Most tellingly of all in relation to ideal womanhood in the modern world: In 1994, the pope beatified a woman on the exlicit ground that she had stayed in a marriage despite being subjected to repeated violent abuse by her husband. Kissling continues: “The Vatican doesn’t get it. Women are tired of ‘nuance’ in the face of sexual, emotional and physical abuse. No more ‘shooting the messenger’ by claiming that talking about such abuse runs the risk of provoking racism and scapegoating Africa and Africans. No more blaming the victims by claiming that the problem is the low level of education of African religious.
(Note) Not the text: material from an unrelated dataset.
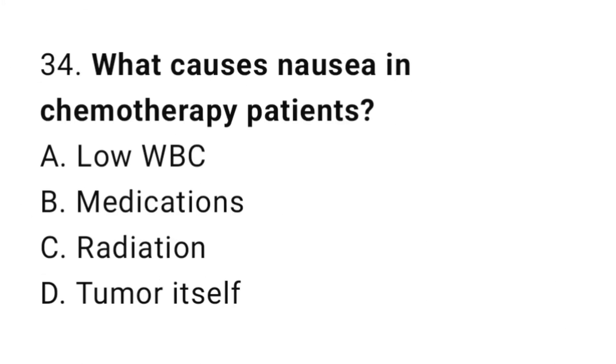Question number 34. What causes nausea in chemotherapy patients? The correct answer is B. Medications.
What women deserve from the Vatican is a clear and unambiguous condemnation of both the personal and systemic failures that contributed to such outrageous violations of human dignity...
“The world community, including leaders in government and in non-governmental agencies, must not be silenced from condemning such atrocities by the inevitable charge that criticizing the church, highlighting its shortcomings and demanding accountability, is ‘Catholic bashing’. The only bashing being done in this instance is that done to nuns and other women by church leaders.”
At a time when aforementioned reformed radicals are reflecting their rotund middle-age and contented position in society by babbling that Catholicism is “the new rock and roll” (in fact, the new rock and roll is going on strike) and beaming benignly on the progress across the country of a gilded box of old bones, it’s well to be reminded what a thoroughly nasty institution the Catholic Church is.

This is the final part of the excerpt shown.